Cloud-Enabled Climate Analytics-as-a-Service using Reanalysis data: A case study.

Friday, 19 December 2014
Denis Nadeau, Daniel Duffy, John L Schnase, Mark McInerney, Glenn Tamkin, Gerald L Potter and John H Thompson, NCCS, NASA Goddard, Greenbelt, MD, United States
The NASA Center for Climate Simulation (NCCS) maintains advanced data capabilities and facilities that allow researchers to access the enormous volume of data generated by weather and climate models. The NASA Climate Model Data Service (CDS) and the NCCS are merging their efforts to provide Climate Analytics-as-a-Service for the comparative study of the major reanalysis projects: ECMWF ERA-Interim, NASA/GMAO MERRA, NOAA/NCEP CFSR, NOAA/ESRL 20CR, JMA JRA25, and JRA55. These reanalyses have been repackaged to netCDF4 file format following the CMIP5 Climate and Forecast (CF) metadata convention prior to be sequenced into the Hadoop Distributed File System ( HDFS ). A small set of operations that represent a common starting point in many analysis workflows was then created: min, max, sum, count, variance and average.

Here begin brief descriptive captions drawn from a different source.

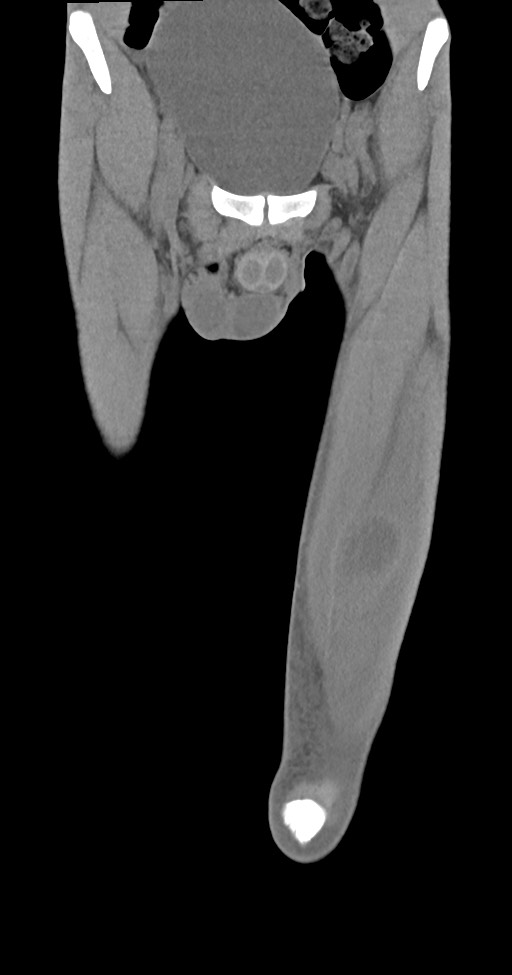 Chronic osteomyelitis (with sequestrum) (Radiopaedia 74813-85822 E 9).jpg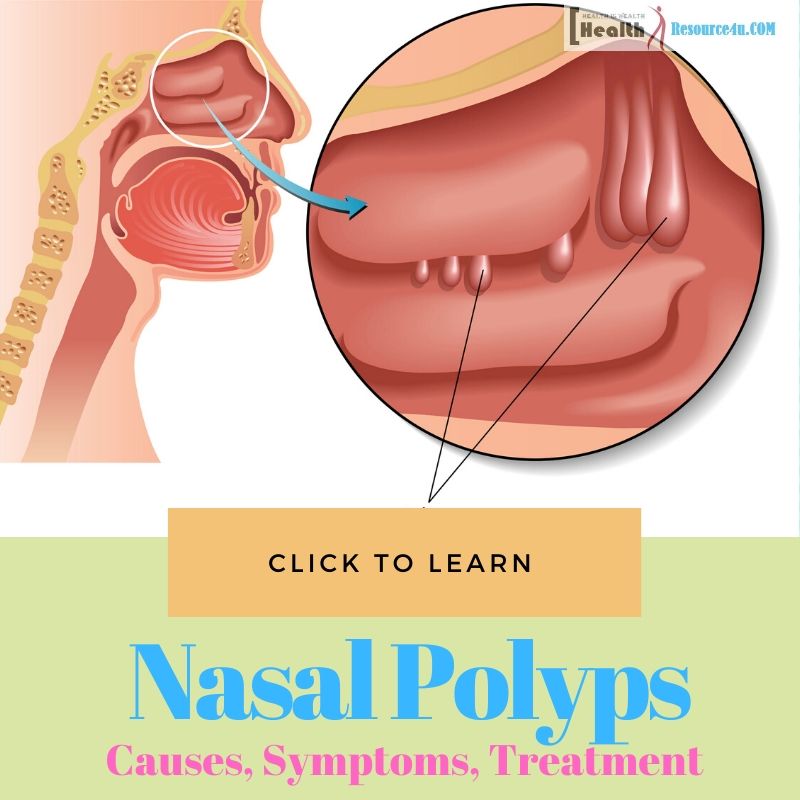 Nasal Polyps Picture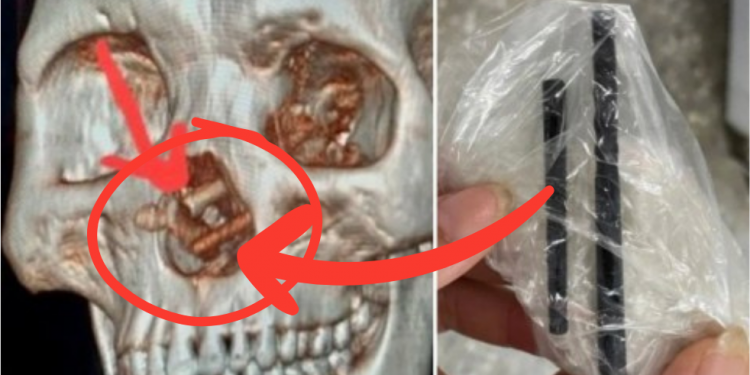 Drunk Man Forgets He Got Stabbed in the Face with Chopsticks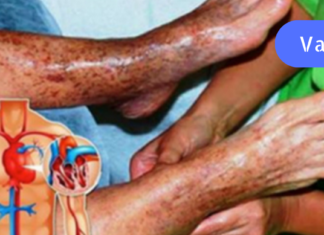 ფანტასტიკური რეცეპტი, რომელიც ხსნის თრომბებს: ეს ნამდვილი ხსნაა ვარიკოზული ვენებით დაავადებული ადამიანებისთვის!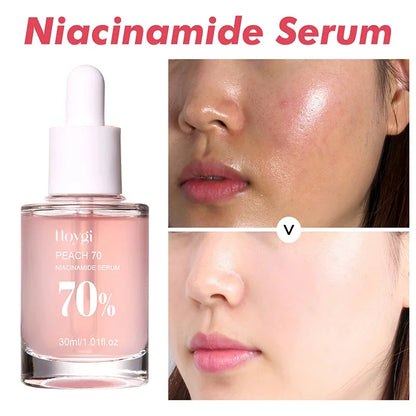 30ml Peach 70% Niacinamide Serum Moisturizing Prevent Dryness Facial Essential Oil Increasing Elasticity Smooth Soften Skin Care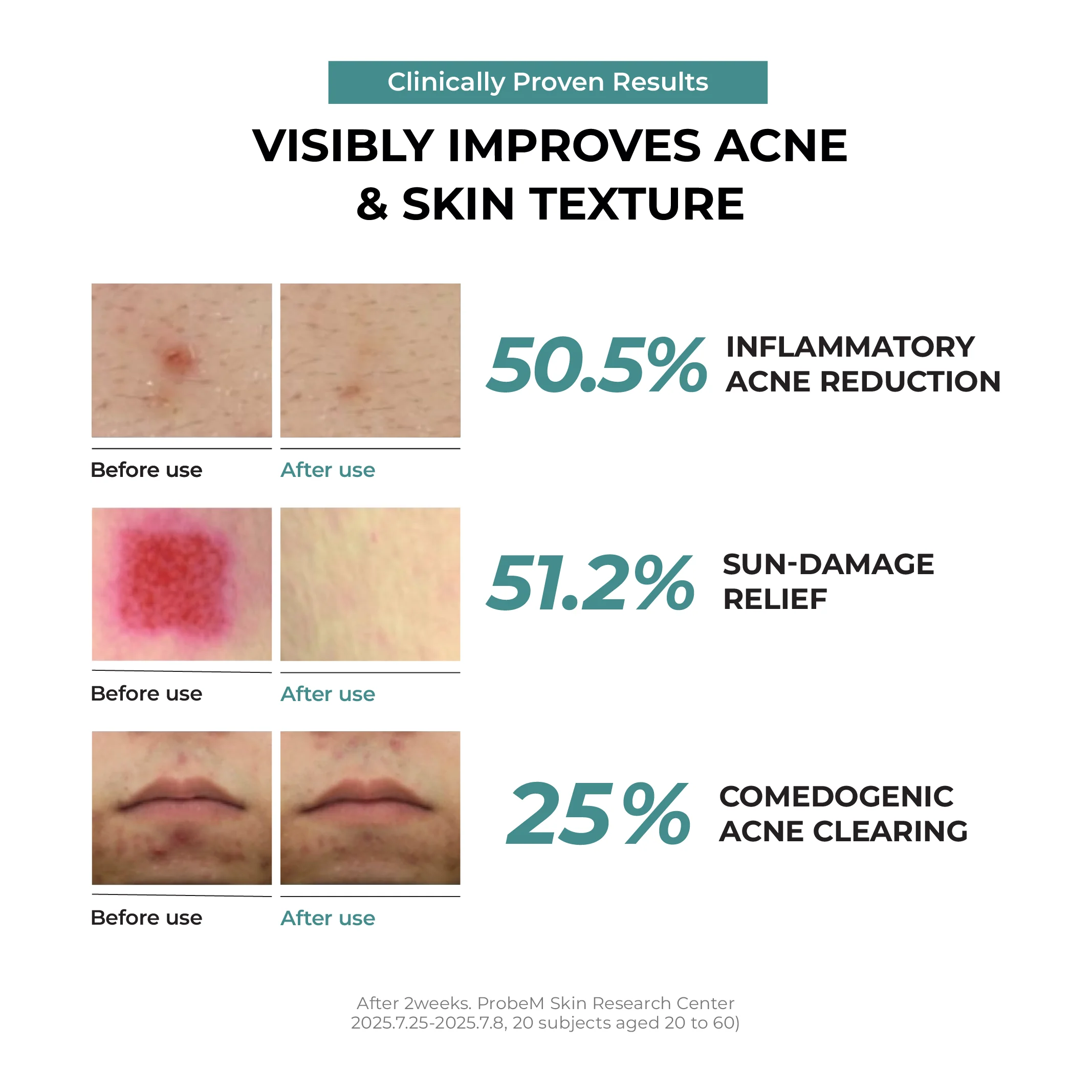 JUMISO - Snail Mucin 95 + Peptide Facial Essence 140ml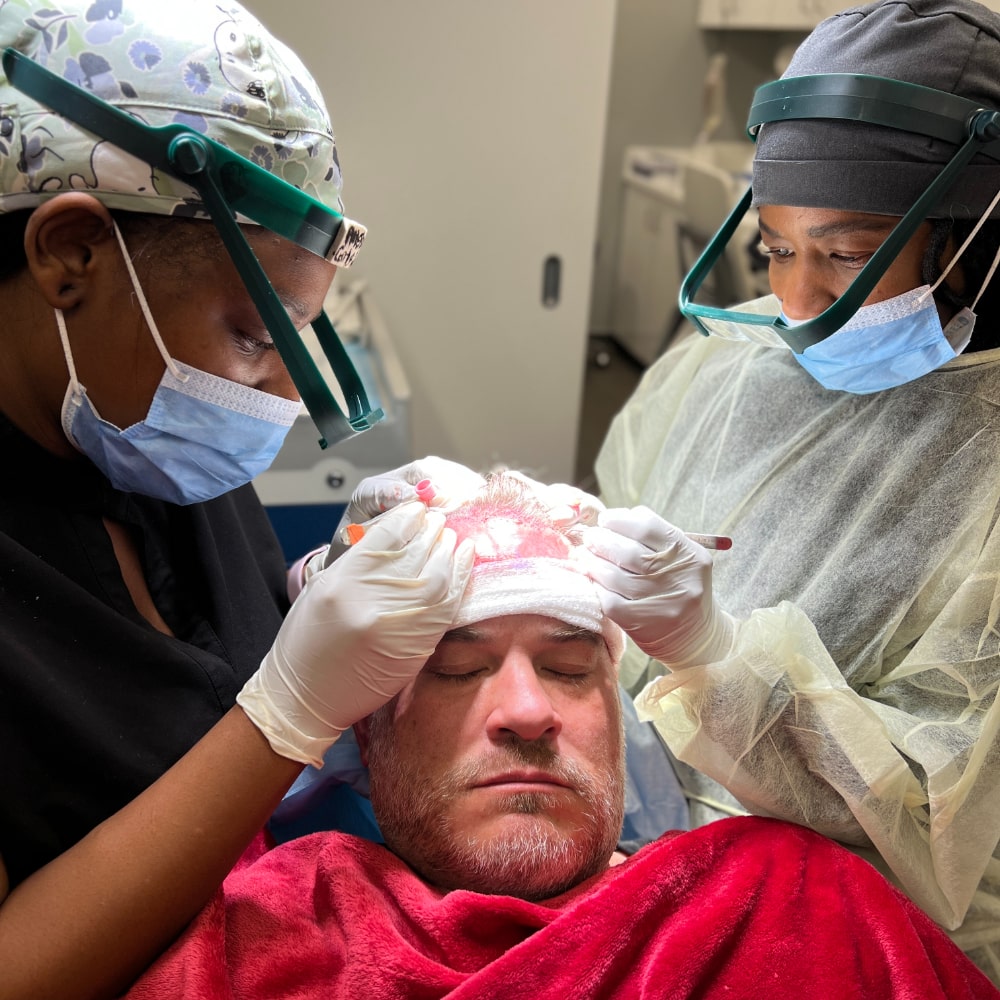 Jason Johnson undergoes hair transplant surgery in Atlanta
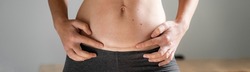 Woman abdomen with cesarean scar. Home candid lifestyle. C section surgery for pregnant woman. Recovering after birth. 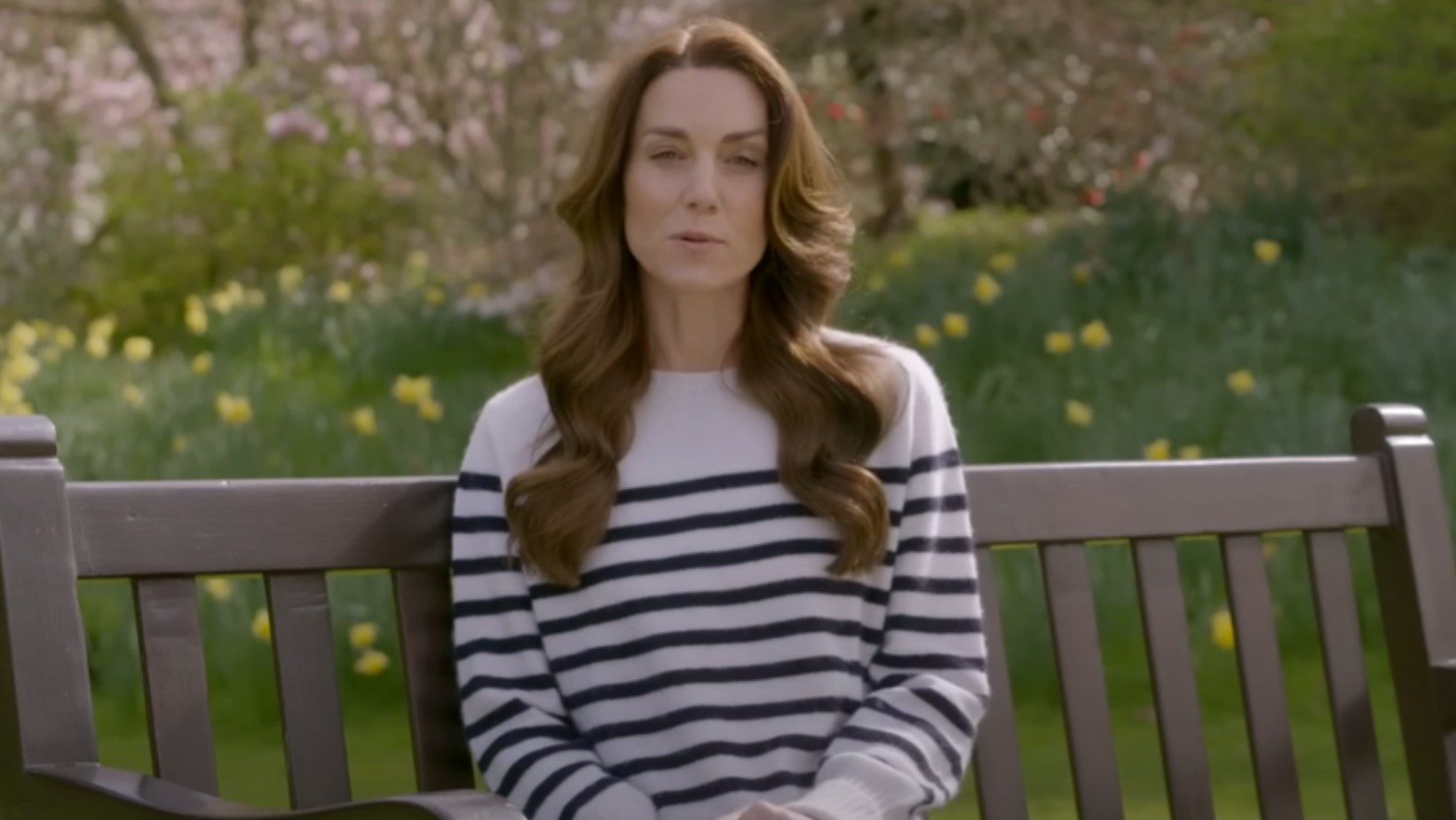 Najnowsze wieści! Stan księżnej Kate jest bardzo poważny?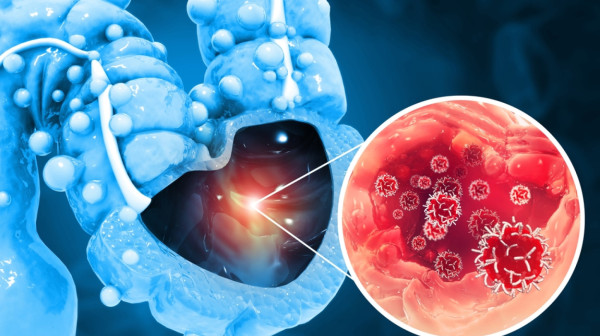 Džejms van der Bik preminuo od raka debelog creva: Kako prepoznati rane znake ove podmukle bolesti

In this example, Reanalysis data exploration was performed with the use of Hadoop MapReduce and accessibility was achieved using the Climate Data Service(CDS) application programming interface (API) created at NCCS. This API provides a uniform treatment of large amount of data. In this case study, we have limited our exploration to 2 variables, temperature and precipitation, using 3 operations, min, max and avg and using 30-year of Reanalysis data for 3 regions of the world: global, polar, subtropical.